## Exercise objective
Give back exactly the lines of the data below, starting with the line that has "316 Summit Ave, Unit" and going on through the line that has "Cheeta print vegan".
--- Task inputs Enclosed Below ---
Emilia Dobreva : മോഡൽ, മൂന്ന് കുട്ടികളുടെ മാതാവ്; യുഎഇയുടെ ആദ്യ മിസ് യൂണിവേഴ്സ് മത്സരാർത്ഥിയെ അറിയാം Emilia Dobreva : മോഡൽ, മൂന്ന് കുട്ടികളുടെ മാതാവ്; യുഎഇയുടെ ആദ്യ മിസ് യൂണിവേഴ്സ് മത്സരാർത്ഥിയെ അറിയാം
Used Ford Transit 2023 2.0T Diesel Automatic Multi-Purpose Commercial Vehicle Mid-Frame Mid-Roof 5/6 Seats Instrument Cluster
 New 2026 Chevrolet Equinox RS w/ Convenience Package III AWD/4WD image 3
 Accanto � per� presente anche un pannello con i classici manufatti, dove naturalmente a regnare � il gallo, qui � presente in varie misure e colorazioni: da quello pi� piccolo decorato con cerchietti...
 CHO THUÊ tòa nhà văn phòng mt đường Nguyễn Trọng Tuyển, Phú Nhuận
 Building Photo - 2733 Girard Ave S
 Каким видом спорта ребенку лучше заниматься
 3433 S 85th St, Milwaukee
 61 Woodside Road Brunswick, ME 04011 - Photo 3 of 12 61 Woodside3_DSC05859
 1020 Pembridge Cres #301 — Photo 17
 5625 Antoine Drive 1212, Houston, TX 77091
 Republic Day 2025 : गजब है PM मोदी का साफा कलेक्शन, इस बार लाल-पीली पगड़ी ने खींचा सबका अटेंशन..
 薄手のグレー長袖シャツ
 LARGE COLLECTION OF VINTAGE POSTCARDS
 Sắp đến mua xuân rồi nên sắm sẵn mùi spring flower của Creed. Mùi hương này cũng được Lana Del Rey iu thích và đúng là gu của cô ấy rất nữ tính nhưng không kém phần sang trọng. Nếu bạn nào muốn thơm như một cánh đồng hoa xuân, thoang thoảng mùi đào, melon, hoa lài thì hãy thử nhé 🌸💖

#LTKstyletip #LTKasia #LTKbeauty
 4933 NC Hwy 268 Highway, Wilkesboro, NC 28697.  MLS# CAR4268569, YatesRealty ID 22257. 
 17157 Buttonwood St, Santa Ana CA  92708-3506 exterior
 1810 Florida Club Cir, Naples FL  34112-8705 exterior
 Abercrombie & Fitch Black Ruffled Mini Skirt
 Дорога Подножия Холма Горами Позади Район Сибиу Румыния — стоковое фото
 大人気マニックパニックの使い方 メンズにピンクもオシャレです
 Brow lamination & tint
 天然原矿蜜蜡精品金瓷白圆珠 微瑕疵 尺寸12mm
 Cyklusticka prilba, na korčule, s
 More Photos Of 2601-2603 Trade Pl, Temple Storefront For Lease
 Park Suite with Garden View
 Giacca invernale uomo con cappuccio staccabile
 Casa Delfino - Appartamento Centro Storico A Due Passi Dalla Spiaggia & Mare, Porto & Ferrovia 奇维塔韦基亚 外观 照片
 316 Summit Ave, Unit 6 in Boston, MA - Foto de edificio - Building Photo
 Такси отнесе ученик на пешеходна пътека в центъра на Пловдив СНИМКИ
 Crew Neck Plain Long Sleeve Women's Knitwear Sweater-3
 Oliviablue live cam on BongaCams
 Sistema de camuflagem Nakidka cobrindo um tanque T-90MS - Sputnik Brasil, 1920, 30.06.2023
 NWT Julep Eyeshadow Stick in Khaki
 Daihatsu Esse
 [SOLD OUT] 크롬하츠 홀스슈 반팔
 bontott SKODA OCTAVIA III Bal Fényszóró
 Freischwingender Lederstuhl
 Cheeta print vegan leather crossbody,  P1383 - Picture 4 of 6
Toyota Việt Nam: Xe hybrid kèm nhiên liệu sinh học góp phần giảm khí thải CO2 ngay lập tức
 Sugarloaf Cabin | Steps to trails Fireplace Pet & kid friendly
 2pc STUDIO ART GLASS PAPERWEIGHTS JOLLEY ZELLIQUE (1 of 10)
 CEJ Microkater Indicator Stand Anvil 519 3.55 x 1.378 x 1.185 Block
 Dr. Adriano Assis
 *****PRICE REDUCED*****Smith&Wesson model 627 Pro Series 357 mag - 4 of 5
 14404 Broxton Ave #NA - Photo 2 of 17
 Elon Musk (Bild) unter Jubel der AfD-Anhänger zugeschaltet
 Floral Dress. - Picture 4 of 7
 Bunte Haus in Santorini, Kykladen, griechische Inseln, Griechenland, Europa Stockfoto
--- End of Enclosed Task inputs ---
## Answer space
 316 Summit Ave, Unit 6 in Boston, MA - Foto de edificio - Building Photo
 Такси отнесе ученик на пешеходна пътека в центъра на Пловдив СНИМКИ
 Crew Neck Plain Long Sleeve Women's Knitwear Sweater-3
 Oliviablue live cam on BongaCams
 Sistema de camuflagem Nakidka cobrindo um tanque T-90MS - Sputnik Brasil, 1920, 30.06.2023
 NWT Julep Eyeshadow Stick in Khaki
 Daihatsu Esse
 [SOLD OUT] 크롬하츠 홀스슈 반팔
 bontott SKODA OCTAVIA III Bal Fényszóró
 Freischwingender Lederstuhl
 Cheeta print vegan leather crossbody,  P1383 - Picture 4 of 6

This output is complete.